We conducted linkage analysis to follow up earlier work on microvascular complications of type 1 diabetes (T1D). We analyzed 415 families (2,008 individuals) previously genotyped for 402 SNP markers spanning chromosome 6. We did linkage analysis for the phenotypes of retinopathy and nephropathy. For retinopathy, two linkage peaks were mapped: one located at the HLA region and another novel locus telomeric to HLA. For nephropathy, a linkage peak centromeric to HLA was mapped, but the linkage peak telomeric to HLA seen in retinopathy was absent. Because of the strong association of T1D with DRB1*03:01 and DRB1*04:01, we stratified our analyses based on families whose probands were positive for DRB1*03:01 or DRB1*04:01. When analyzing the DRB1*03:01-positive retinopathy families, in addition to the novel telomeric locus, one centromeric to HLA was identified at the same location as the nephropathy peak. When we stratified on DRB1*04:01-positive families, the HLA telomeric peak strengthened but the centromeric peak disappeared. Our findings showed that HLA and non-HLA loci on chromosome 6 are involved in T1D complications’ expression. While the HLA region is a major contributor to the expression of T1D, our results suggest an interaction between specific HLA alleles and other loci that influence complications’ expression.

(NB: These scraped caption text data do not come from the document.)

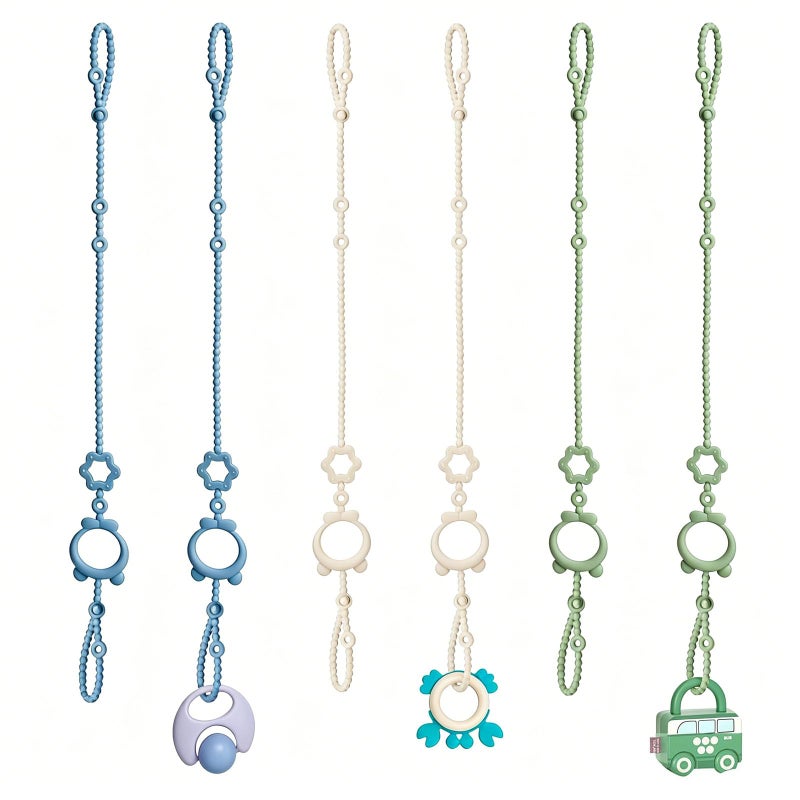 Sopkdey Toy Straps for Baby 6pcs Adjustable Toy Holder for Stroller Accessories Silicone Baby Tether Pacifier Clip No Throw Baby Travel Essential Leash for High Chair Car Seat Baby Toy Clips - Image 3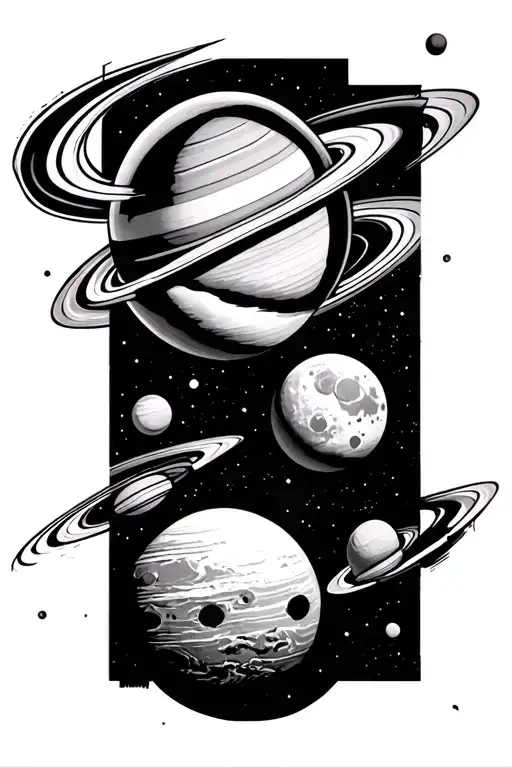 Saturn Pluto The Moon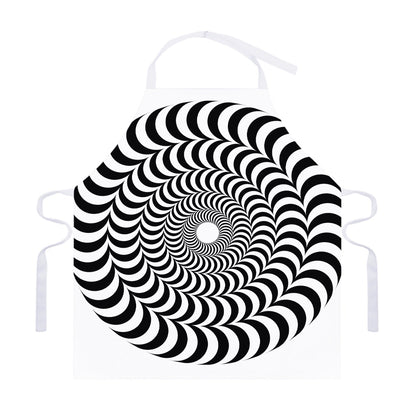 Black And White Circle Illusion Print Adjustable Apron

Abstract 151: A Polymorphic T-Rich Element in ATP1B1 Is Associated with Blood Pressure and Regulates Alternative Polyadenylation

Genome-wide linkage and association studies of hypertension (HTN) aim to uncover loci that are involved in blood pressure (BP) regulation and the pathophysiology of HTN. However, even when such loci are successfully identified, the mechanism by which the implicated genes increase HTN susceptibility is not well understood. ATP1B1, which encodes the beta subunit of Na+, K+ ATPase, a co-transporter involved in multiple BP-regulating physiological processes, is located within a well-established BP linkage peak. Although a single nucleotide polymorphism (rs12079745) in the 3’UTR of ATP1B1 has previously been shown to be associated with BP levels, the molecular mechanism underlying this association is unknown. We identified a multi-allelic T-rich element (TRE) in the 3’UTR of ATP1B1 that varies in length and sequence composition (T22-27 and T12GT3GT6). The 3’UTR of ATP1B1 contains 2 functional polyadenylation signals and the TRE is downstream of the proximal site (A2). Because U-rich elements (UREs) in 3’UTRs are known to play a role in the cleavage and polyadenylation of mRNA, and ATP1B1 transcripts with shorter 3’UTRs are translationally more efficient, we hypothesized that alleles of this TRE might influence ATP1B1 expression by regulating alternative polyadenylation. Consistent with our hypothesis, the A2-polyadenylated mRNA isoform was more abundant in human kidneys with at least one copy of T12GT3GT6 than in those homozygous for the T22-27 alleles. Functionally, in vitro, we demonstrated that the T12GT3GT6 allele has greater luciferase activity than the T22 allele and that the T12GT3GT6 allele shows increased polyadenylation at the A2 site than the T22 allele. In addition, the TRE element is associated with systolic BP in European Americans of the GenNet network of the NHLBI Family Blood Pressure Program, with the T12GT3GT6 allele being associated with higher BP (effect size = 2.4 mmHg SBP, P = 0.003). Sharing strong linkage disequilibrium with rs12079745, this TRE is likely the functional site underlying the original association. In summary, we have identified a novel multi-allelic TRE in the 3’UTR of ATP1B1. Alleles at this site are associated with HTN and may mediate their effect on BP by regulating polyadenylation of the ATP1B1 mRNA.